I have become more and more interested in Eastern philosophy recently, particularly the Buddhist concepts of "right thinking" and Dukkha. I believe that we should pick our beliefs carefully and choose ones that have the most positive impact on our life. It would be foolish and naiive (not to mention lazy) to take all of the beliefs from ONE religion or philosophy and just live by those while ignoring others. But I do think there are some truths in Buddhist thinking that can benefit all of us.

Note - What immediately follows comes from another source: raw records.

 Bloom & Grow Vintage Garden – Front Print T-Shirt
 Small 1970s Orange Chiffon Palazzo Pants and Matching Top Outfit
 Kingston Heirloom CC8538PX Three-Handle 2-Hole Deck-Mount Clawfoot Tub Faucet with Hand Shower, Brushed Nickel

Firstly and most importantly is the truth that:
Life is Dukkha

Now wikipedia defines Dukkha as Pali; meaning "suffering", "anxiety", "stress", "unsatisfactoriness". Buddhism states that life contains a lot of this, it's a fact and the first step to enlightenment is acknowledging it. We must be very careful with translations here because different words carry different connotations and what the original Buddha said can be easily twisted.

I take from this that Dukkha is similar to pain, and freedom from Dukkha comes with a total detachment from the outcome of our actions. It is essentially, the gap between what you want and what you have. Everyone will experience emotional pain in their lives, it is unavoidable. Some people try to escape it with heavy drinking and drugs. Some try by burying themselves in work. Some just get very lazy and are still unhappy without really realising why. Some travel the world looking for answers. Putting aside for a moment my arrogance in imposing my own interpretation on this belief in this way, what can we take from this?

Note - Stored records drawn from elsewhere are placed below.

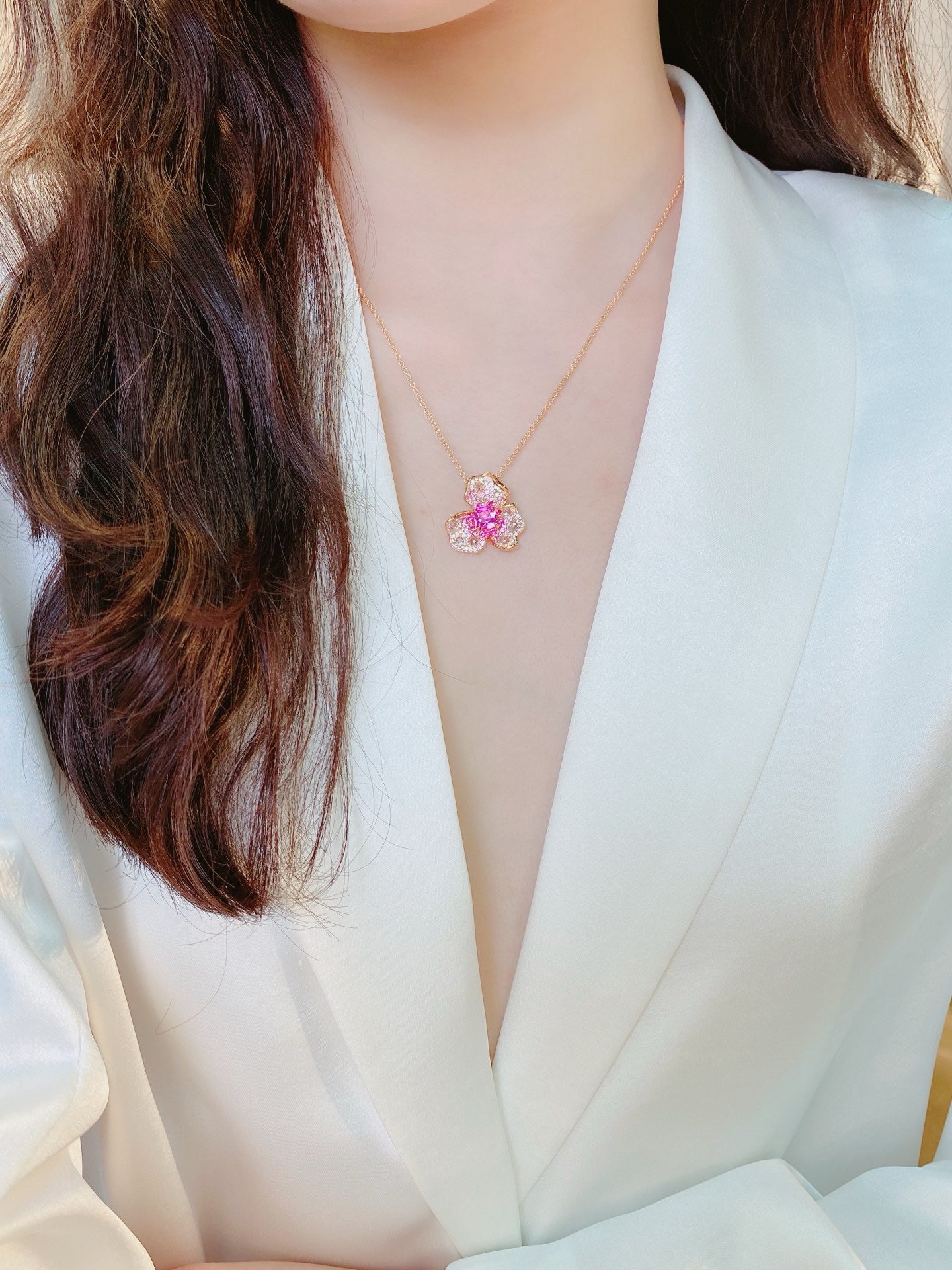 Blossom Bliss Pink Sapphire Pendant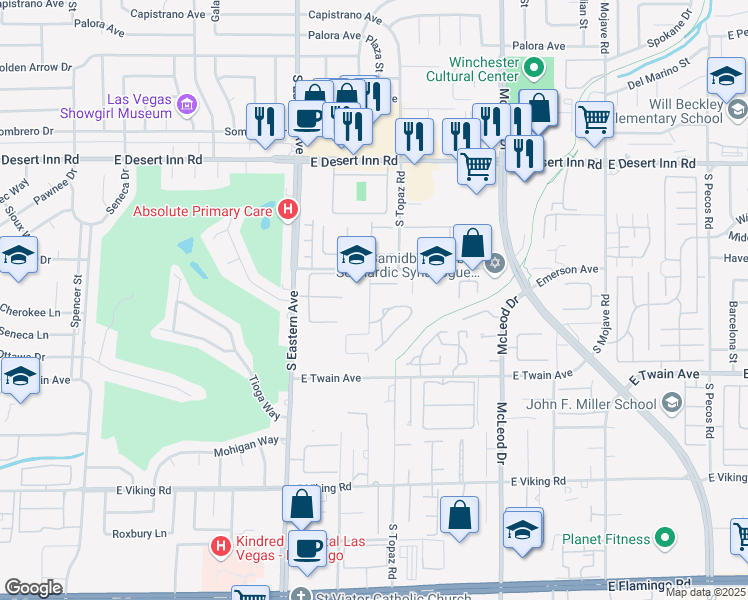 map of restaurants, bars, coffee shops, grocery stores, and more near 2683 Regency Cove Court in Las Vegas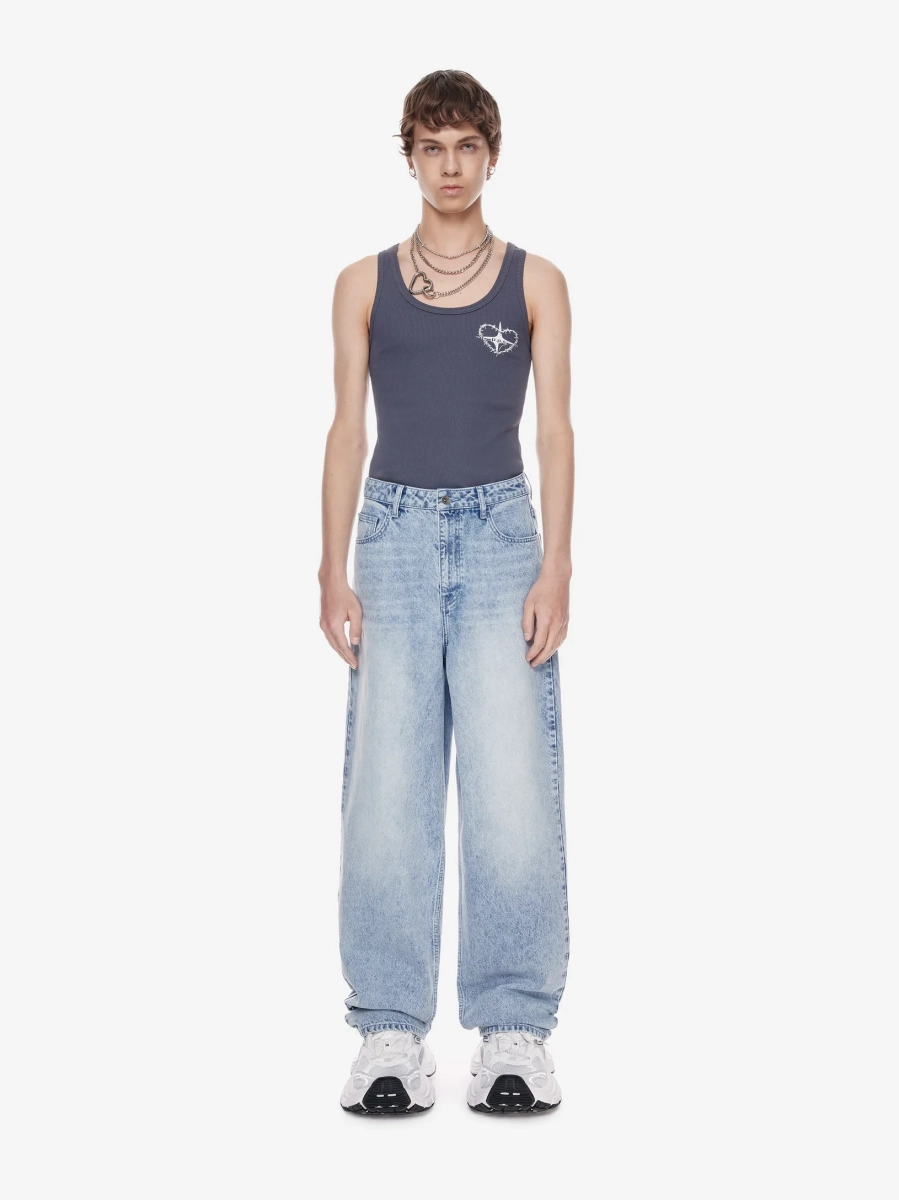 Широкие джинсы завышенной посадки POST POST SCRIPTUM, цвет: синий винтажный, 1048.10.00.BLU купить онлайн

Everyone is in pain a lot of the time. But once we acknowledge that everyone suffers, we respond to other humans with far more compassion and humanity. And I think escape from Dukkha lies down this path, along with realising that while we will always have Dukkha, if we live in the right way we can learn to CHOOSE whether we suffer from it or simply acknowledge it as part of life. The "right way" is outlined in something called the eight-fold path of Buddhism and includes concepts such as compassion, integrity and a high degree of control over your own thoughts. It is somewhat cryptic but I think there is some value in it.

Eliminating distractions, choosing what to focus on, these are the things that will take us forward in life. I truly believe that we can accomplish whatever we can imagine if we would just truly put our minds to it and take consistent, massive action in this direction. Pursuit of perfection in this manner demands an extremely high degree of self-discipline, as the Buddha said:

"As the Fletcher whittles and makes straight his arrows, so the master directs his straying thoughts."

But sitting around thinking these thoughts will not give you any gain. We must LIVE these thoughts and that means applying them through our actions. Only through application of beliefs and study of the resulting reality can we hope to learn anything.

If this whole diatribe seems somewhat confused, that's because I am very confused about it myself. But I do know that my opinions are changing. I look back on my view of the villagers who I gave shoes to and realise that my interpretation of this event has changed. These people are not to be scorned simply because their STRATEGY towards escaping suffering is different from mine. They are merely a product of their environment and it is a more enlightening approach to understand that they suffer pain and desire escape from it in the same way as you or I. By viewing other people with this compassionate eye, our approach becomes clearer.

This is just my sketchy and poor interpretation of these ideas. I encourage anyone who is interested to research these concepts more thoroughly and experiment with APPLYING them to their lives, remember there can be no learning without APPLICATION.